Wheeler, 67, told The Associated Press that the early voting results had been kept on a digital storage device and were added to the unofficial tally by 9 a.m. that Wednesday. She said she took the blame and resigned to avoid being fired by the Democratic county clerk, but stands by the performance of her staff.

“Some people are always suspicious of elections, but people who know who we are had a lot of confidence,” Wheeler said.

The county clerk, Nicole Browne, did not return the AP’s phone and email messages requesting comment.

Wheeler said an election training specialist hired before her resignation was prepared by the county to succeed her, but she quit just weeks after Wheeler left. Three others then briefly filled the job — one stayed only a month.

Wheeler said she both loved and hated the job. She administered eight elections and oversaw more than 80 workers during early voting and 300 each Election Day. Wheeler described the role as liaison between candidates, the media, vendors, the state and the public. The election supervisor also writes ballots specific to each precinct.

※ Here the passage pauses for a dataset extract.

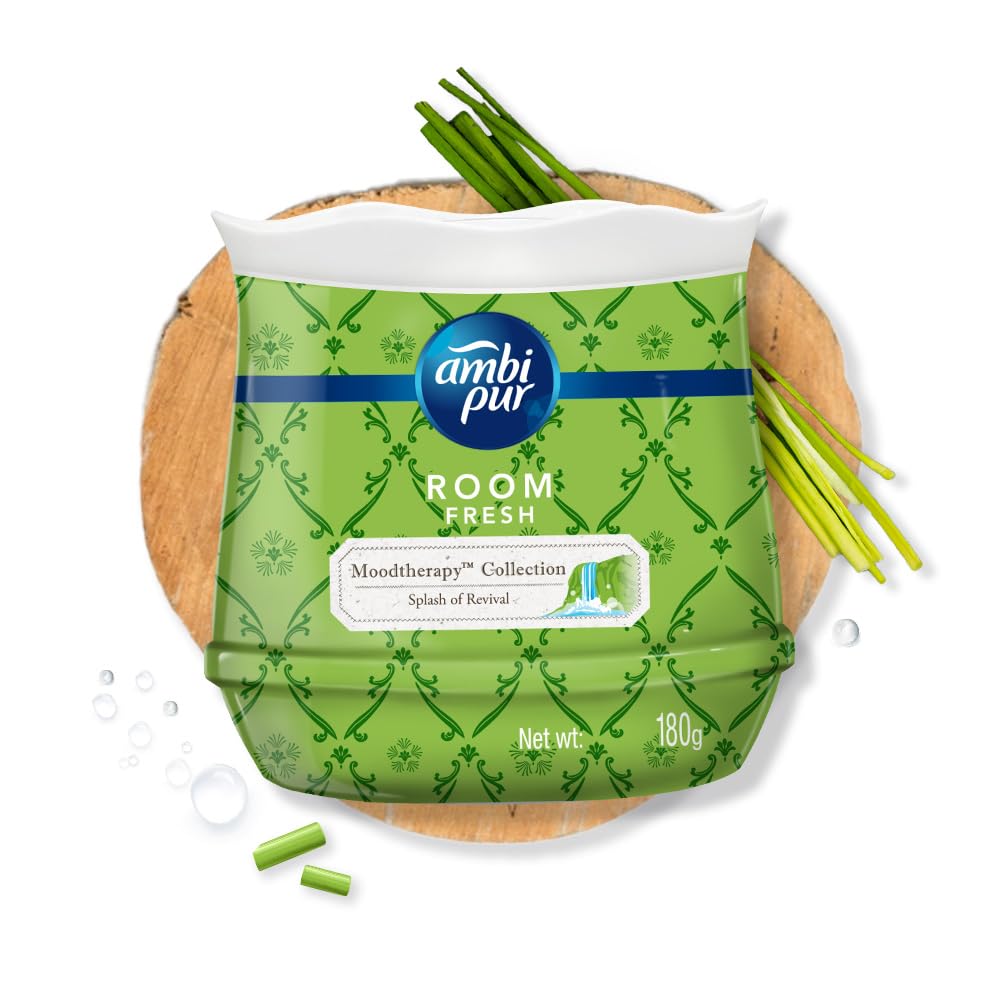 Ambi Pur Moodtherapy Collection Air Freshener Gel - Splash of Revival Lemongrass Scent, 180g | Long-Lasting Fragrance for Home, Office & Car | Eliminates Odors & Refreshes Air Naturally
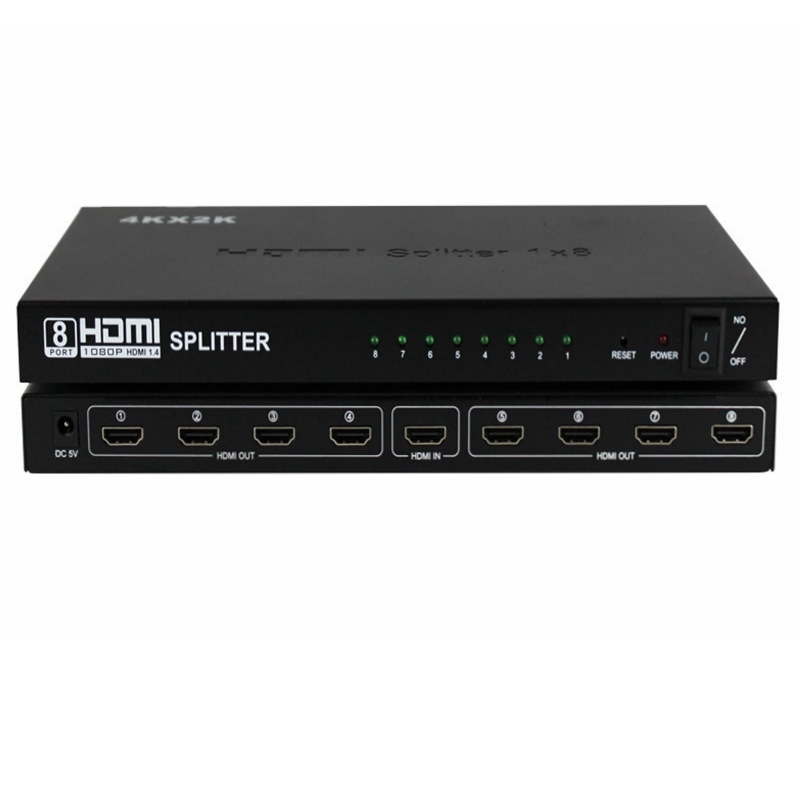 HDMI splitter 1x8, 4K ogledno prikazivanje na osam zaslona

“It’s an extremely difficult job,” Wheeler said. “And with Monroe County the pay was pretty low” — around $37,000 for the full-time, year-round work.

The starting pay was increased to $55,674 for the latest hire, according to a county job posting.

Elections are becoming increasingly complex, the laws governing them change regularly, and the high turnover means officials stepping into these roles are less likely to be aware of resources that can help them, said Liz Howard, a election expert with the Brennan Center for Justice.

In Indiana, for example, a bill proposed this year would add a proof of residency requirement for first-time voters registering in-person.

“Many people are unaware of the complexity and all the work that it takes to make that process so easy for voters,” Howard said.

None of the Monroe officials reported being threatened, but such incidents are up sharply around the nation. Indiana lawmakers may join other states in increasing criminal penalties for threatening election workers, and the Justice Department formed a task force to address threats.

Monroe’s party chairs, Democrat David Henry and Republican Taylor Bryant, praised Wheeler and lamented the office turnovers after her departure.

“That institutional memory is really hard to replace and replicate in a short period of time,” Henry said.

While Shaw, who has worked with the newly promoted supervisor before, said she is glad Kylie Moreland is reliable and has some experience, there is always a chance that a presidential election won’t go smoothly.

“It would be an awful job if you just got thrown in,” Wheeler said.

Moreland developed a passion for election law and the process last fall, and wants to build a lifelong career at “election central.” Despite lacking years of experience, she feels well prepared after working the November election and has support from the Indiana Elections Division, she said.

Indiana Secretary of State Diego Morales announced this year that more than 60 counties will split $2 million in federal funding for election security and other projects. Monroe County is not among them. His office said additional funding opportunities are being discussed.

As for Wheeler, she works now for the county parks and recreation department and volunteers to teach voter registration training.

“I have a much easier job and I get paid the exact same,” she said.